Sin duda necesarios, pero también peligrosos, insistamos en ello, estos descubrimientos que estaba haciendo el hombre de la mano de aquellos filósofos: Heráclito, Demócrito, los sofistas, los cínicos, también los escépticos y los epicúreos… En tiempos como esos en los que lo individual, lo particular pasa a primer plano, dice Hegel, “los individuos se retraen en sí mismos y aspiran a sus propios fines (…) Esto es la ruina del pueblo; cada cual se propone sus propios fines según sus pasiones”. Asimismo, Ortega, oponiéndose a esa autarquía del sabio a la que aspiraba Antístenes, decía que “librada a sí misma, cada vida se queda sin sí misma, vacía, sin tener que hacer”. Efectivamente, una profunda crisis afectó a la sociedad griega como conjunto y también a las concretas personas que en ella vivían, crisis que discurrió en paralelo con la misma historia de la Grecia clásica, tan fecunda por otro lado, sin embargo. Las cumbres de la filosofía que supusieron Sócrates, Platón y Aristóteles no fueron, para empezar, sino intentos de sobreponerse a ese otro descubrimiento de lo absurdo que estaban realizando los filósofos que traían lo individual al primer plano de la historia.

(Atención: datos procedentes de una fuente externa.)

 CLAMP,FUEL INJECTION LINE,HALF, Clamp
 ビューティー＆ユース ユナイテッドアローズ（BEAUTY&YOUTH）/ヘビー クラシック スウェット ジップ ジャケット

Bajo la influencia del cristianismo original, la Edad Media sometió a los hombres al predominio absoluto de lo general. Erich Fromm afirmaba que entonces “la vida personal, económica y social se hallaba dominada por reglas y obligaciones a las que prácticamente no escapaba esfera alguna de actividad”. Ortega y Gasset abundaba en esa misma idea, referida ya a la baja Edad Media: “En el siglo XIV el hombre desaparece bajo su función social. Todo es sindicatos o gremios, corporaciones, estados. Todo el mundo lleva hasta en la indumentaria el uniforme de su oficio. Todo es forma convencional, estatuida, fija; todo es ritual infinitamente complicado”. Y en fin, también Jacob Burckhardt, un clásico en el estudio del Renacimiento, confirmaba la misma idea, cuando afirmó que en la Edad Media “el hombre se reconocía a sí mismo solo como raza, pueblo, partido, corporación, familia u otra forma cualquiera de lo general”.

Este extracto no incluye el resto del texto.